The offer and sale of the Warrants in the private placement is being made without registration in reliance on the exemption provided in Section 4(a)(2) under the Securities Act of 1933, as amended, and Rule 506(b) promulgated thereunder.

In connection with the registered offering and the concurrent private placement, the Company entered into a Securities Purchase Agreement (“Purchase Agreement”) with an institutional investor on March 6, 2018 and engaged H.C. Wainwright & Co., LLC (the “Placement Agent”) to act as placement agent. The Company agreed to pay the Placement Agent a cash placement fee equal to 7% of the gross proceeds from the sales of the common stock and Pre-funded Warrants sold in the registered offering, a management fee equal to 1% of the gross proceeds of the registered offering, a non-accountable expenses allowance of $35,000 and up to $50,0000 for legal expenses and a five-year warrant to purchase 7% of the number of shares of common stock and Pre-funded Warrants sold in the registered offering at an


exercise price of $1.58 (the “Placement Agent Warrants”). The Placement Agent Warrants are immediately exercisable but are subject to a 180-day lock-up in compliance with FINRA Rule 5110(g) and will expire on March 6, 2023. The Company also granted the Placement Agent a right of first refusal to act as its exclusive advisor, manager or underwriter or agent, as applicable, if the Company or its subsidiaries sells or acquires a business, finances any indebtedness using an agent, or raises capital through a public or private offering of equity or debt securities at any time prior to the twelve month anniversary of the date of consummation of the offering.

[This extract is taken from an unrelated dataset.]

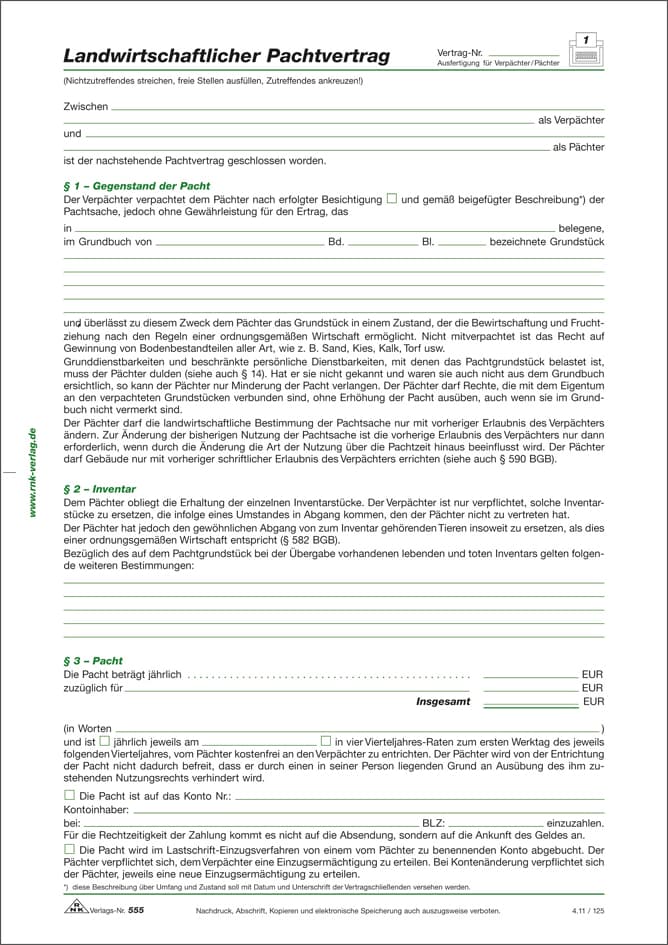Rnk Verlag Landwirtschaftlicher Pachtvertrag, 4-Seitig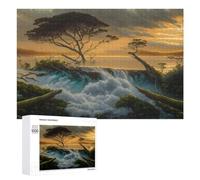Puzzle Per Adulti 1000 PCS Waterfall at Sunset Nature's Serenity Puzzle Per Adulti Gioco Pratico Decorazione Da Parete Regalo Di Compleanno E Unico 1000 PCS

The Company will receive proceeds from the concurrent private placement transaction solely to the extent the Warrants are exercised for cash.

On March 7, 2018, the Company issued a press release announcing the registered offering and concurrent private placement. A copy of the press release is filed as Exhibit 99.1 hereto and is incorporated herein by reference.

The foregoing summaries of the Purchase Agreement, the Pre-Funded Warrants, the Placement Agent Warrants, the Warrants and the Registration Rights Agreement are subject to, and qualified in their entirety by, such documents included as Exhibits 1.1, 4.1, 4.2, 4.3 and 10.1 to this Current Report on Form 8-K, respectively, which are incorporated herein by reference. Certain of these documents contain representations and warranties and other statements which are not for the benefit of any party other than the parties to such document or agreement and are not intended as a document for investors (to the extent they are not a party to such agreement or a permitted assignee of a party) or the public generally to obtain factual information about us.

A copy of the opinion of Manatt, Phelps & Phillips, LLP relating to the legality of the issuance of the shares of common stock is attached hereto as Exhibit 5.1.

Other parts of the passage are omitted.